::: Data

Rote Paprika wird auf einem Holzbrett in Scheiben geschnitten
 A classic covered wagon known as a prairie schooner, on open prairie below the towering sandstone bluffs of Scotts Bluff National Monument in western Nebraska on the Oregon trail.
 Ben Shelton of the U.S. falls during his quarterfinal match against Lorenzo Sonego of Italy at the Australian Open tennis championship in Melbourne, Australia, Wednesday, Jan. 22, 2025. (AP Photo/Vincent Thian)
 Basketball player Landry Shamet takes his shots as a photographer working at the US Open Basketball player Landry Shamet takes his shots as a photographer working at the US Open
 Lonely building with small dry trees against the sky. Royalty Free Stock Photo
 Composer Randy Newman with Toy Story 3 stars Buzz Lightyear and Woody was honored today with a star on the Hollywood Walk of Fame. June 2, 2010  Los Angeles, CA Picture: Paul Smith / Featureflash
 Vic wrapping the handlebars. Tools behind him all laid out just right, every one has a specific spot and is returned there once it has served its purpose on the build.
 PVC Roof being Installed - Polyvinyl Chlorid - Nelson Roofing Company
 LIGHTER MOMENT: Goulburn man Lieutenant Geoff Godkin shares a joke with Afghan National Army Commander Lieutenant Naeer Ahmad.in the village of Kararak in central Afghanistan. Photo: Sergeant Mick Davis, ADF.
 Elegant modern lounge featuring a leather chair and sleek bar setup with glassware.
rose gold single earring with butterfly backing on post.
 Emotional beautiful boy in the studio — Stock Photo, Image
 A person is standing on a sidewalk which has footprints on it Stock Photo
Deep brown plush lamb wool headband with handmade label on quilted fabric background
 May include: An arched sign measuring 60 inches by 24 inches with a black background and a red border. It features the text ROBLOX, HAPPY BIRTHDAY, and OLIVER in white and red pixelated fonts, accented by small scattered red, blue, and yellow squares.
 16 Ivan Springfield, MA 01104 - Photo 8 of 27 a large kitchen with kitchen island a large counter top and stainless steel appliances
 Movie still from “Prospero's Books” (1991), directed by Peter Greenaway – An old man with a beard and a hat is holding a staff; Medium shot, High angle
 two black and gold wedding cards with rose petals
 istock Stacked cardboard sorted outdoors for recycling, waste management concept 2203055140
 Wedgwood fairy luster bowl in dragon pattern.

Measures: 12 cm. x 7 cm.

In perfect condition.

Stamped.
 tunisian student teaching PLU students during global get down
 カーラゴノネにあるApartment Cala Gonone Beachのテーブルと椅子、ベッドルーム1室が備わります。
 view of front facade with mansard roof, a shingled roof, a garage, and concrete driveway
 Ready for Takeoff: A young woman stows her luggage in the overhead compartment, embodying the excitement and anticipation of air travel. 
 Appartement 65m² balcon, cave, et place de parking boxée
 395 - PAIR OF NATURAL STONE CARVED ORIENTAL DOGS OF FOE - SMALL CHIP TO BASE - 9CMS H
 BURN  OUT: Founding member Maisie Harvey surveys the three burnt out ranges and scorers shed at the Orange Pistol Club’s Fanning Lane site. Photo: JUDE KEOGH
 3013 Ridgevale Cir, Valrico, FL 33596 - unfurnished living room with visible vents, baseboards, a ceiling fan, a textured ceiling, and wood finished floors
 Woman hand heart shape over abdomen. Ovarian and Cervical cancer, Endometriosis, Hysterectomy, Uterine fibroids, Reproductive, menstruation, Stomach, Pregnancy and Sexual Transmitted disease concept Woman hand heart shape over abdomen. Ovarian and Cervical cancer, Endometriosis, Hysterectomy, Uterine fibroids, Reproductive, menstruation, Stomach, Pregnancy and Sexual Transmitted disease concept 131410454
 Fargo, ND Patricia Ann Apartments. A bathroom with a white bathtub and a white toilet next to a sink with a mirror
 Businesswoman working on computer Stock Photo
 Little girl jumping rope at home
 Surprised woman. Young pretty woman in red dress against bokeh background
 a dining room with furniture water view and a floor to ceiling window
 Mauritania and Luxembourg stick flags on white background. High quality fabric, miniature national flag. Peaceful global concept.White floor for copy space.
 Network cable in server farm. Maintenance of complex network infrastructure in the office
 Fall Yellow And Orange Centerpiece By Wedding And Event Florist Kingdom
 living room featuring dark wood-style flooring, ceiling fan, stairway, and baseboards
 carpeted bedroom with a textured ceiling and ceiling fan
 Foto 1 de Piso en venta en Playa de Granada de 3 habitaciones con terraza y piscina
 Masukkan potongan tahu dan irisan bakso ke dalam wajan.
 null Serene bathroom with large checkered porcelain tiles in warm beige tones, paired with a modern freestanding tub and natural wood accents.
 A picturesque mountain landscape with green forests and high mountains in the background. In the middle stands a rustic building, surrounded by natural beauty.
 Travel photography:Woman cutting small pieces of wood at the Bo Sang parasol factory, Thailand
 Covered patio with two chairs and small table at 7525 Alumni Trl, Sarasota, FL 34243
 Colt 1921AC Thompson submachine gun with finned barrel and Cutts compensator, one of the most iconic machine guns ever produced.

::::::

== What to do ==
Once the line with "Wedgwood fairy luster" is found in the records above, print exactly that line and every line after it through the line with "395 - PAIR OF".

== Solution for this exercise ==
 Wedgwood fairy luster bowl in dragon pattern.

Measures: 12 cm. x 7 cm.

In perfect condition.

Stamped.
 tunisian student teaching PLU students during global get down
 カーラゴノネにあるApartment Cala Gonone Beachのテーブルと椅子、ベッドルーム1室が備わります。
 view of front facade with mansard roof, a shingled roof, a garage, and concrete driveway
 Ready for Takeoff: A young woman stows her luggage in the overhead compartment, embodying the excitement and anticipation of air travel. 
 Appartement 65m² balcon, cave, et place de parking boxée
 395 - PAIR OF NATURAL STONE CARVED ORIENTAL DOGS OF FOE - SMALL CHIP TO BASE - 9CMS H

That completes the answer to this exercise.